LES GRAINES DE HIBISCUS SABDARIFFA L.
FERMENTEES : UN CONDIMENT OUEST AFRICAIN,
RICHE EN PROTEINES ; POTENTIEL VEHICULE POUR
LA FORTIFICATION EN FER.
Marcel D. Bengaly *, Augustin B. Bereé, Alfred S. Traoré.
Centre de Recherche en Sciences Biologiques, Alimentaires et Nutritionnelles (CRSBAN) /UFR-SVT,
Université de Ouagadougou.03 BP 7131 Ouagadougou 03, Burkina Faso.
*Auteur correspondant : [email protected]
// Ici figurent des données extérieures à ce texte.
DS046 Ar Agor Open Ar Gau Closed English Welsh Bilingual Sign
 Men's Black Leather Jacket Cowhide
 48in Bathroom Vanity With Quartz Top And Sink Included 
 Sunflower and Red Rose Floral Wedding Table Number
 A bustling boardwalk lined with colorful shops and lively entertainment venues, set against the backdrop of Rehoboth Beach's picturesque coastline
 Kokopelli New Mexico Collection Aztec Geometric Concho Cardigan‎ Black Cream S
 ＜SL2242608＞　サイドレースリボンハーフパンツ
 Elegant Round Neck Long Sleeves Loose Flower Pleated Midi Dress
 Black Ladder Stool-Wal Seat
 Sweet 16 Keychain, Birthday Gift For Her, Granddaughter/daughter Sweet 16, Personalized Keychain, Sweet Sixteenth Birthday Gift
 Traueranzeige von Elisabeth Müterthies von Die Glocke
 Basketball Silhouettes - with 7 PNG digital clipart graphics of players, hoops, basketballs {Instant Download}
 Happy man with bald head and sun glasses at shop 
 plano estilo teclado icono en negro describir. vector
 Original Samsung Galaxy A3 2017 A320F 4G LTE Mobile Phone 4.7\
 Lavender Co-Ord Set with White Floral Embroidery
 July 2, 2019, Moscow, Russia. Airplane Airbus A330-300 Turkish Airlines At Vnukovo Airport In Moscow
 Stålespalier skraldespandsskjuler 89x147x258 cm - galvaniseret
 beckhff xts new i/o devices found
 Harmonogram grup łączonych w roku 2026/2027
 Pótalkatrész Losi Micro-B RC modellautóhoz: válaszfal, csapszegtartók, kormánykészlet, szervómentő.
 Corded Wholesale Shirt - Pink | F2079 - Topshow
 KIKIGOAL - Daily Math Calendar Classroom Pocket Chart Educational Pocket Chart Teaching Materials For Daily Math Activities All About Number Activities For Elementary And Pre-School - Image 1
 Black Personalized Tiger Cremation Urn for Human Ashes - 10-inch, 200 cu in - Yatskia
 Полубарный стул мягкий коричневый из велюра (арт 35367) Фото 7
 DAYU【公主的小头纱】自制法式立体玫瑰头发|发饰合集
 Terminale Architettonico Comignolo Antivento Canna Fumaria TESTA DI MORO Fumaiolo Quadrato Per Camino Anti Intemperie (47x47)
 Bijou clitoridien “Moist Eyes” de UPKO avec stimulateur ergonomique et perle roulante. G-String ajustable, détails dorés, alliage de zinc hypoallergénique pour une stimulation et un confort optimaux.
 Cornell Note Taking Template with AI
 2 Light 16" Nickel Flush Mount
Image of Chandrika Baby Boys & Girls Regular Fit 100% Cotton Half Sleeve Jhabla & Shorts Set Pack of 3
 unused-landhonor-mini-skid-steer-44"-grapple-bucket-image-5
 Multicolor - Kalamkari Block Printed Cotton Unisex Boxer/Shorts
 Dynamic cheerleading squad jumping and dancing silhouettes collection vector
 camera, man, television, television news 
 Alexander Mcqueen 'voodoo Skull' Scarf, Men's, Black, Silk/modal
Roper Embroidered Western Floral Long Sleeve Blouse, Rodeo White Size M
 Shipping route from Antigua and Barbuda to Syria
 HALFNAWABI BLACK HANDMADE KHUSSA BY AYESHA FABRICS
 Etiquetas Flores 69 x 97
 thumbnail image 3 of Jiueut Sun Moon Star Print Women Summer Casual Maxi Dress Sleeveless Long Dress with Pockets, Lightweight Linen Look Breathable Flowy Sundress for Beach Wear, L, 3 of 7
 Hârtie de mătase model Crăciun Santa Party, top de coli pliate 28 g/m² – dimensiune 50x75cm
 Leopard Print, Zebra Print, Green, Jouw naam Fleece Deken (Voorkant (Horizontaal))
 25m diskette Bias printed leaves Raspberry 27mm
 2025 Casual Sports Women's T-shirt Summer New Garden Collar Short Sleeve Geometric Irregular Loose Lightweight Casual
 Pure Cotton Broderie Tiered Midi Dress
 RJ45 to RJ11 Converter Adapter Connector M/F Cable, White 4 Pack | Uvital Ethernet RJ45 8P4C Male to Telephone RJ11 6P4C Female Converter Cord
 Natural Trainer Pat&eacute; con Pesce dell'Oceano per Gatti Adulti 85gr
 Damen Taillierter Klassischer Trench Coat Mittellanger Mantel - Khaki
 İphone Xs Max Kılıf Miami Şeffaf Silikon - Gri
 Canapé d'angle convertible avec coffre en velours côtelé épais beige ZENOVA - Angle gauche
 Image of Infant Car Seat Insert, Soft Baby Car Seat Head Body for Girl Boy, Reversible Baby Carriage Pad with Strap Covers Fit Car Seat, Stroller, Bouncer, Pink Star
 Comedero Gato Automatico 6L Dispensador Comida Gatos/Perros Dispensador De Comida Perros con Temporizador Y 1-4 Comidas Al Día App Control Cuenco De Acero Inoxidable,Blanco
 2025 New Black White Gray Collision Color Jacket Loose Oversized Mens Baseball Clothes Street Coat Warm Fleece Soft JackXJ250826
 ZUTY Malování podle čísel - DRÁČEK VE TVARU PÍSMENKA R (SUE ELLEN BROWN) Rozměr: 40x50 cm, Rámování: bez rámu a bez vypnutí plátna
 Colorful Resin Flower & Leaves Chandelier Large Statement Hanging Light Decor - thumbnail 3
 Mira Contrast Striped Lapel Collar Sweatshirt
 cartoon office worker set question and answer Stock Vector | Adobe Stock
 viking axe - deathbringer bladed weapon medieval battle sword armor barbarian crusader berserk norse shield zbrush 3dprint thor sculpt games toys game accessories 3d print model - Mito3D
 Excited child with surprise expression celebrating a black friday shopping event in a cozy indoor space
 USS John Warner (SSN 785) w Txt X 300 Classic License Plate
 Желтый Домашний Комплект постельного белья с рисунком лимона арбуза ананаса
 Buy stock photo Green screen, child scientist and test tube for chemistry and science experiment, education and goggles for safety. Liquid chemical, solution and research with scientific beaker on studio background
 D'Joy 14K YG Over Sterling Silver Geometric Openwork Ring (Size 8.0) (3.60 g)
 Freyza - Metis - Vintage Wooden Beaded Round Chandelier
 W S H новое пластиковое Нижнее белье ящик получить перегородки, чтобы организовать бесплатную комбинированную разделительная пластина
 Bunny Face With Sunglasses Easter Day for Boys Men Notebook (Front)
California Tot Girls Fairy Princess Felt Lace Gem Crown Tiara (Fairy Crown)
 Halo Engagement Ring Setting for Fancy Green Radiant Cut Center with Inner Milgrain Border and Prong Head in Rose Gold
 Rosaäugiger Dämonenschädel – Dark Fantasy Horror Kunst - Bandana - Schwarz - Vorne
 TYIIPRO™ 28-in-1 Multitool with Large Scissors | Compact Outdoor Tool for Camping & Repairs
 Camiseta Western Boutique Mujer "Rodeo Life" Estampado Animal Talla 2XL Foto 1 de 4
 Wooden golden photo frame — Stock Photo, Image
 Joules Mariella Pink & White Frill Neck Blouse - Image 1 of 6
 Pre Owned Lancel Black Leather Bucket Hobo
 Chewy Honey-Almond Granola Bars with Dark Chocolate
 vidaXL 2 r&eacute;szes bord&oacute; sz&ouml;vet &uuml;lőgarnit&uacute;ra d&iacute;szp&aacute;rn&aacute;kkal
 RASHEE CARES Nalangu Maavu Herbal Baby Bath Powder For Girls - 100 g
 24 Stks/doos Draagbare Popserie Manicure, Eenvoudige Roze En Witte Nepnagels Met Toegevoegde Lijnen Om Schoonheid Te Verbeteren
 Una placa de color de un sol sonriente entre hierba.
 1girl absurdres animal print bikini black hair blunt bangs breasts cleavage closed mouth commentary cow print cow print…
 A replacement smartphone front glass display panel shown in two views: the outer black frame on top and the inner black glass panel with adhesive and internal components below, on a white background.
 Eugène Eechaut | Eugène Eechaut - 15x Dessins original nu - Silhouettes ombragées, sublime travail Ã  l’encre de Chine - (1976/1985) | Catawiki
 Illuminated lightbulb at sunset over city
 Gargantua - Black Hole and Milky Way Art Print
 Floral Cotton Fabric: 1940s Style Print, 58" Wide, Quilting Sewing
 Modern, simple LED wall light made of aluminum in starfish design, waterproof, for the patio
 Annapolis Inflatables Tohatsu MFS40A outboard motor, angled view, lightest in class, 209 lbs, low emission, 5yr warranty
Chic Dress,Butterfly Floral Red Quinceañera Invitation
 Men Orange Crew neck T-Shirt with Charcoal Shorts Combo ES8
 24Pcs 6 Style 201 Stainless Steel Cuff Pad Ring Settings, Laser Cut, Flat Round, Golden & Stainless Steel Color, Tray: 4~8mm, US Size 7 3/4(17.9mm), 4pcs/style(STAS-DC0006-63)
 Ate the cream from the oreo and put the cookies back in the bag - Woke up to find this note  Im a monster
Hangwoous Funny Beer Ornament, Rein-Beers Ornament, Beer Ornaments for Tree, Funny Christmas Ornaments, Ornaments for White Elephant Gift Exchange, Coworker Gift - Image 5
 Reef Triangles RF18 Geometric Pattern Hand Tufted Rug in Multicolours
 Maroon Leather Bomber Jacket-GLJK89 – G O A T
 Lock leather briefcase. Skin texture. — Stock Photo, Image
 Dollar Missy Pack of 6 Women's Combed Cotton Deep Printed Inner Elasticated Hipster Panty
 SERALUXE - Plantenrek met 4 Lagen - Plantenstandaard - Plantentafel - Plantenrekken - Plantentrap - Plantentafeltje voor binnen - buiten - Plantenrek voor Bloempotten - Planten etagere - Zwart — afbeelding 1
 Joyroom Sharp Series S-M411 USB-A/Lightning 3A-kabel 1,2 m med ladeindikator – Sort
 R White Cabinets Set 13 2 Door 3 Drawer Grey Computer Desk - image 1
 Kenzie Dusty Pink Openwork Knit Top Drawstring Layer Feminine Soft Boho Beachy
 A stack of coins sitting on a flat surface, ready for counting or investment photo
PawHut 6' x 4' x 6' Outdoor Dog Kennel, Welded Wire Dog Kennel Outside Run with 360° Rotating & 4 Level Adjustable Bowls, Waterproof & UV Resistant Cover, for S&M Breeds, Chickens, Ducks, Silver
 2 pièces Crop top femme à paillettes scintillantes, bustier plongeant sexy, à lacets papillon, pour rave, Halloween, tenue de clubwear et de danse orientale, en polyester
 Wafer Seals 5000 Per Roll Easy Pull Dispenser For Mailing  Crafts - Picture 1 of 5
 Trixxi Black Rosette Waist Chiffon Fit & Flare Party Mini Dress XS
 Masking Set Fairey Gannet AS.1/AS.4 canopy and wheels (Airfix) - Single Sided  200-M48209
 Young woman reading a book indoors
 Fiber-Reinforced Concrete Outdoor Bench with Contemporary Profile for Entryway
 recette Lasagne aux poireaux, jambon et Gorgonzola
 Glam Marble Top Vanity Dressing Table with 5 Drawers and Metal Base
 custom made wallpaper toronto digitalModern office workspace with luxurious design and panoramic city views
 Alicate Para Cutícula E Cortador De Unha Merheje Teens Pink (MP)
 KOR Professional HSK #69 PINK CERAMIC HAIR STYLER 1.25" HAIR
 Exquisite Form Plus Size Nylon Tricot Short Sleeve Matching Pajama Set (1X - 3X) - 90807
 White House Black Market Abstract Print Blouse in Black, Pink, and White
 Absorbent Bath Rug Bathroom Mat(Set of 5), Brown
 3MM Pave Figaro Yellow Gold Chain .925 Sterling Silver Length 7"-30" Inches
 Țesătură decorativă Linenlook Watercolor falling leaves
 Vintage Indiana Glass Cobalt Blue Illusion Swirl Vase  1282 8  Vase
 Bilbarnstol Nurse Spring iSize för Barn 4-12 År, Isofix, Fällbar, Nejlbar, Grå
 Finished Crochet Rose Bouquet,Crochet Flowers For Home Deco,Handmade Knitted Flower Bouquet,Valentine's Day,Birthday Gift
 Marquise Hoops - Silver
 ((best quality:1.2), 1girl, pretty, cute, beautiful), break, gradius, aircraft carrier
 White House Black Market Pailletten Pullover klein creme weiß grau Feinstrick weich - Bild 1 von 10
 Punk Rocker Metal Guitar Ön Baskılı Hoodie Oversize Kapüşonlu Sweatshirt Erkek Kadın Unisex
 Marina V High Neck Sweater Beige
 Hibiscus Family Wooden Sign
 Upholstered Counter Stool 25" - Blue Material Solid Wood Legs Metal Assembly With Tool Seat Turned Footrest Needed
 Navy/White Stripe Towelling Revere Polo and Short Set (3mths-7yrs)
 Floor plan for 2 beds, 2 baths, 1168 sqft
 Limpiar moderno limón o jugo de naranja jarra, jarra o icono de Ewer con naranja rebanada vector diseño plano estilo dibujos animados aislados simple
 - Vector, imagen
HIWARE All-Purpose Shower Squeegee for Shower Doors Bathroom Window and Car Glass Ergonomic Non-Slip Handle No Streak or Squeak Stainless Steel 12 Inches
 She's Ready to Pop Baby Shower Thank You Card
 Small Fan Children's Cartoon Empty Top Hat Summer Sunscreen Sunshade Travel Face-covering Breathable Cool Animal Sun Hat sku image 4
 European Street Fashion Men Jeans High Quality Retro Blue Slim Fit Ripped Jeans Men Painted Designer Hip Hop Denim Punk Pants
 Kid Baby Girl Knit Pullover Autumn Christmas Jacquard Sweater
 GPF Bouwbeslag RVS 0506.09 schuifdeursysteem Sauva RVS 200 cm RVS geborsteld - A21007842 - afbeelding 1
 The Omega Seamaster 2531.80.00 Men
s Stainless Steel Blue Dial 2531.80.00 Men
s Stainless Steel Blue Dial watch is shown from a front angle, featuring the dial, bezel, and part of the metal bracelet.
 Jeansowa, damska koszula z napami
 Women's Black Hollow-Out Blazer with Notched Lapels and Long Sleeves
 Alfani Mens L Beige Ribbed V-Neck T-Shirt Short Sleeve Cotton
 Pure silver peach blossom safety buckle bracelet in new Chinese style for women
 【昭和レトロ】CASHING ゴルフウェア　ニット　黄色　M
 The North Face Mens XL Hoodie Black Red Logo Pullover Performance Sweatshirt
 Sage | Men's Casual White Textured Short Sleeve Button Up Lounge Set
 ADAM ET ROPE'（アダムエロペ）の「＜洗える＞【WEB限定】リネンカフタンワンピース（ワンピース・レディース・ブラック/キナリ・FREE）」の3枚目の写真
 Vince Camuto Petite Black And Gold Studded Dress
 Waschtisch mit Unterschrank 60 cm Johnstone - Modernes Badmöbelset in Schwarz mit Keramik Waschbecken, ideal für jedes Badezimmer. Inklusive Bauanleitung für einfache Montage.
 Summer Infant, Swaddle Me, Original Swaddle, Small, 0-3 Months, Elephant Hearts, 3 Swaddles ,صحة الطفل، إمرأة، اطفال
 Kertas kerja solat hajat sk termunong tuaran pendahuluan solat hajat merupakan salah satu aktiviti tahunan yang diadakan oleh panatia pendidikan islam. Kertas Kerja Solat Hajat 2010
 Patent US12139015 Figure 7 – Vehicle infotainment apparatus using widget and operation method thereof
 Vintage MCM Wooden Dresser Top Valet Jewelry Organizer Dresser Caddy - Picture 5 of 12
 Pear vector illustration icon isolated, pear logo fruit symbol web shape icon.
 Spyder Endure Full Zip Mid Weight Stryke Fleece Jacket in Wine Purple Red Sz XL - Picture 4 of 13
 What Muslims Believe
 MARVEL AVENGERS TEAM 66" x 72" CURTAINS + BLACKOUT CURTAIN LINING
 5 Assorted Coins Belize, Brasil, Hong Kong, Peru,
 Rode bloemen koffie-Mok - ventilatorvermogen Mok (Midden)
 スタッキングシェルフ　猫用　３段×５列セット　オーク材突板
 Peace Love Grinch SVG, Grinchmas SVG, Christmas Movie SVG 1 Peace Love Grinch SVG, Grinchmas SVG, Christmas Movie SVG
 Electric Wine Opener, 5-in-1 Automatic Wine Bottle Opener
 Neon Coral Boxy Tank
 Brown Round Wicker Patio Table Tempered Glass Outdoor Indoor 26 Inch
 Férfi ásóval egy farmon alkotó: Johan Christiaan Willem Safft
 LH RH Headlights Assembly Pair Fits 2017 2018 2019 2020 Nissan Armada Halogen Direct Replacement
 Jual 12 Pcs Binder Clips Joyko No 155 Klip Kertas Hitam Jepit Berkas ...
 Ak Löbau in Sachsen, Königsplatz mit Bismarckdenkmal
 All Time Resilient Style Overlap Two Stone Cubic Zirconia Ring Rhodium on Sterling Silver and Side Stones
Mots Clés : Roselle ; Hibiscus ; fermentation ; Bi-Kalga ; protéines ; fer.
1. RESUME
Le Bi-Kalga est un condiment des sauces obtenu par fermentation naturelle des
graines de roselle (Hibiscus sabdariffa). Le procédé traditionnel de préparation consiste
à faire bouillir les graines de roselle pendant 10 heures environ, avant de les placer dans
un récipient hermétiquement fermé pour une fermentation spontanée de 72 heures.
L’analyse de la composition des graines et du produit fermenté montre un relèvement
des taux de protéines de 0,5%, tandis que les taux de glucides (25-30%) sont réduits
d’environ 10%. Le produit fermenté renferme 28-37% de protéines ainsi que les 9
aminoacides essentiels. L’élément minéral principal du Bi-Kalga est le potassium (3 %).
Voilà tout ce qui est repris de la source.